Neem de aerodynamica. John Krijnen weet nog goed hoe hij met Leontien Van Moorsel, in 2003, naar de windtunnel in de Flevopolder ging. Ze moest op een speciale fiets gaan liggen als een horizontaal zeepaardje. Ze zat volstrekt onnatuurlijk, ze hield het nog geen vijf minuten vol, laat staan een heel uur. Maar nu, vijftien jaar verder, zit Tom Dumoulin in diezelfde houding als gegoten op de fiets. Renner en tijdritfiets lijken geboetseerd, gebeeldhouwd, ze vloeien gewoon in elkaar over. Renner en fiets zijn één, ook bergop. En een rendement!
Het bezoek heeft een boek meegebracht, FIETS!, over de geschiedenis en ontwerpers van de racefiets. De Engelse samenstellers hebben vooral de visuele esthetiek van de racefiets in beeld willen brengen. John Krijnen haalt zijn hart op aan de herinneringen.
Waar het vroeger ging om het gewicht van de racefiets terug te brengen naar een ondergrens, zie je in de jaren-80-ontwerpen een explosieve doorschakeling naar de luchtweerstand. Alles is nu aerodynamica: kleding, helmen, spoilers, opzetstuurtjes, vinzadels, platte spaken, dichte wielen, hoge velgen, gevouwen bidons, neuspleisters. Het gele plastic neusringetje van Chris Froome – wie zal het zeggen.
Krijnen bladert. Het bezoek heeft drie geeltjes op de bladzijden geplakt. Het eerste markeert de uurrecordfiets van Eddy Merckx, het tweede de Espada van Miguel Indurain, het derde de arty-fiets van Lance Armstrong door Damien Hirst.
John Krijnen zal geen fiets veroordelen, geen ontwerper voor gek verklaren – alles heeft een functie. Hoewel: de Hirst-Armstrong lijkt zo van de kermis te komen, de Espada is van Pinarello en die hebben altijd wel hele mooie futuristische fietsen gemaakt, maar die van Merckx komt bij hem toch bovenaan. Overal gaatjes, uitgevijlde buizen, de bandjes brokkelen inmiddels af van droogheid, maar verder…

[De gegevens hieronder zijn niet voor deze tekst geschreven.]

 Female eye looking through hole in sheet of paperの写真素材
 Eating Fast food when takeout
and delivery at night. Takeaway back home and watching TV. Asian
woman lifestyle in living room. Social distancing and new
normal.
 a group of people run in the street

Zó’n fiets, die vindt hij gewoon mooi, in al zijn soberheid, zonder frutsels en fratsels. Heel kaal, maar tegelijk schittert hij je tegemoet. En staal nog, hè. Maar ja, toen is het carbon gekomen. En hij snapt dat wel, maar carbon komt uit een mal. En daar krijg je scheurtjes in.

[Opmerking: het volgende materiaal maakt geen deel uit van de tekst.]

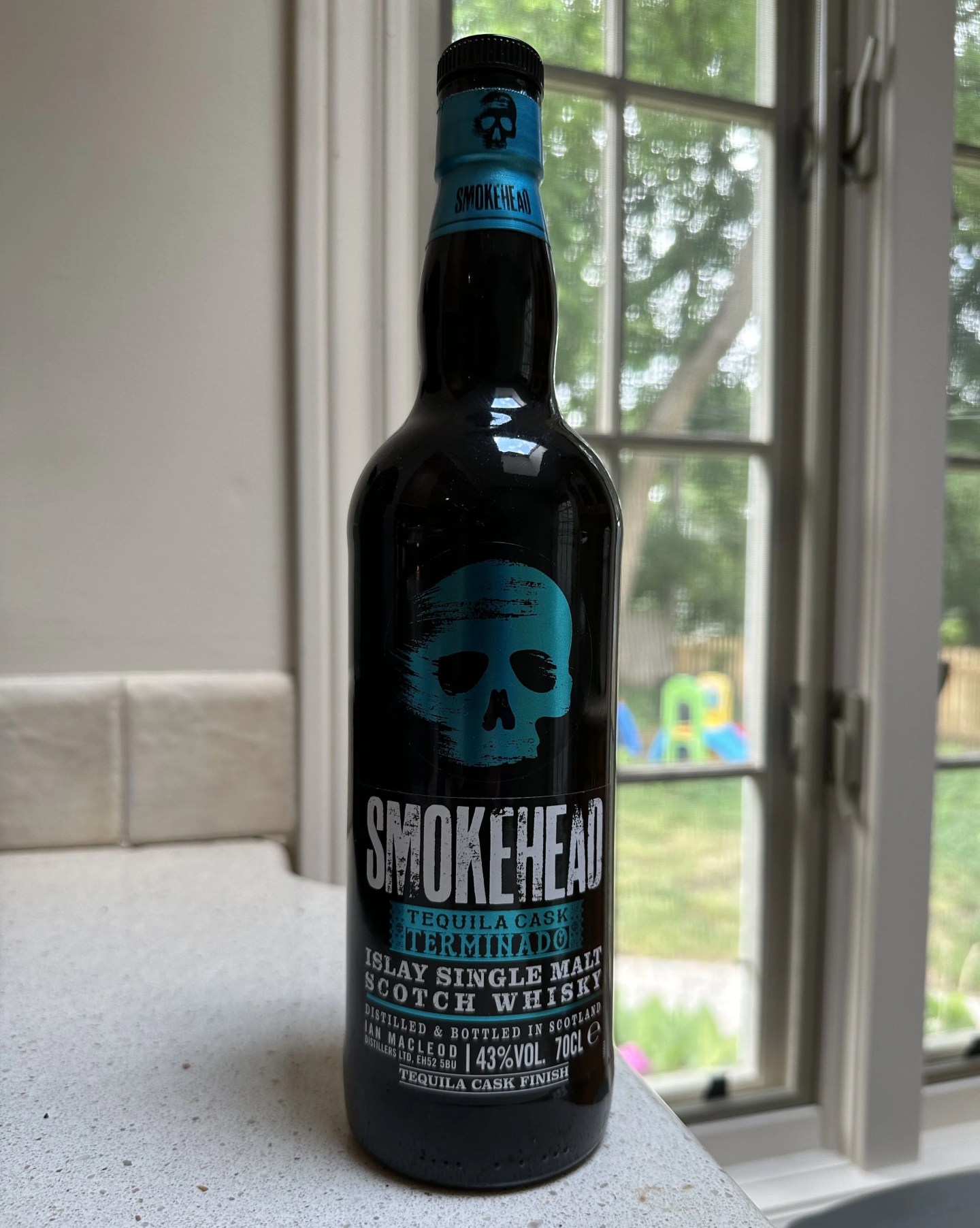 a bottle of smokehead termindao scotch on a kitchen counter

John Krijnen stamt uit de tijd van de fietsenbouwers, van vóór die van de fietsontwerpers. Staal dat is bezieling, carbon dat is een boel flesjes met rommel in een snelkookpan en tien minuten later heb je een plastic frame. Naam erop van een of andere loempiabakker uit Taiwan, klaar.
Er is natuurlijk veel voorwerk vooraf gegaan, maar sorry hoor – geef Krijnen maar een fiets waar de liefde van de bouwer vanaf straalt. Waar hij diens handen in kan zien, en diens hart. Hoe die is afgewerkt, tot in de kleinste details.
Italianen konden en kunnen er wat van. GIOS, Da Rosa. Maar evengoed eigenbouw uit de Amsterdamse werkplaatsen van Willem Bustraan (RIH! Rijwiel Industrie Holland) en Ko Zieleman, de opa van Dylan Groenewegen. En nóg wel een handvol anderen. Presto fietsen van Evert Stroober, weet je nog! René Pijnen. Danny Clarke, Ferdinand Bracke en anderen zwoeren erbij.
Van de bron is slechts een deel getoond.